Abstract
Anaplastic lymphoma kinase (ALK)-positive anaplastic large cell lymphoma (ALCL) frequently carries the t(2;5)(p23;q35) resulting in aberrant expression of nucleophosmin (NPM)-ALK. Previously, NPM-ALK has been shown to activate phosphatidylinositol 3-kinase (PI3K) and its downstream effector, the serine/threonine kinase AKT. Recently, we have shown that mTOR signaling proteins are activated in ALK-positive ALCL tumors and that mTOR activation depends, at least in part, on activation of AKT (
Lab Invest 2005; 85: 255A
). In this study, we investigate the biological effects of inhibition of mTOR on two ALK-positive ALCL cell lines, Karpas 299 and SU-DHL1. For this purpose, we used rapamycin to inhibit mTOR-raptor complex and mTOR-specific small interfering RNA (siRNA) to silence the endogenous mtor gene. Treatment with rapamycin, resulted in a marked concentration-dependent decrease of phosphorylated (p)-mTOR, and its downstream targets, p-p70S6K, p-S6K, p-4E-BP1 and total eIF4E. Similarly, silencing the expression of mtor resulted in a decrease in the activation/phosphorylation level of these proteins as well as in the level of p-AKT. Both treatments induced apoptosis and cell cycle arrest in both ALK-positive ALCL cell lines as demonstrated by trypan blue exclusion, annexin V staining, BrdU incorporation, and cell cycle studies.
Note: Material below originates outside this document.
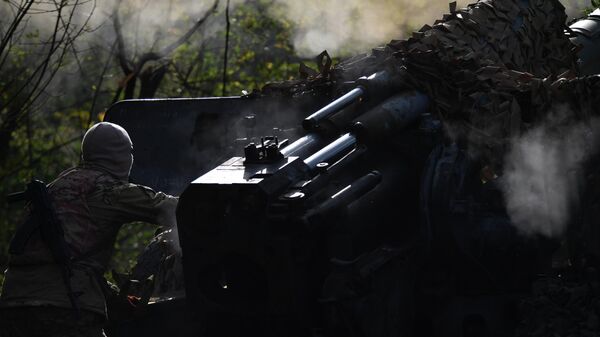 Бойцы артиллерийского расчета ЧВК Вагнер на территории ЛНР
There was a concentration-dependent decrease in the anti-apoptotic proteins BCL-2, BCL-XL, MCL-1 and c-FLIP (L and S) with increasing concentrations of rapamycin or after mTOR siRNA treatment. The cyclin dependent kinase inhibitors p21waf1 and p27kip1 and underphosphorylated (Un-p)-RB protein were upregulated, after treatment with rapamycin or after mTOR siRNA treatment. In conclusion, we provide evidence that inhibition of mTOR induces cell cycle arrest and apoptosis in ALK-positive ALCL cells. The decrease of p-AKT by silencing mtor suggests that mTOR is necessary to activate AKT in ALK-positive ALCL, and thus, mTOR can function as a feedback signal activity of its own pathway.These findings support the concept that mTOR contributes to NPM-ALK/PI3K/AKT mediated tumorigenesis and that inhibition of mTOR is a potential therapeutic strategy for treatment of ALK-positive ALCL.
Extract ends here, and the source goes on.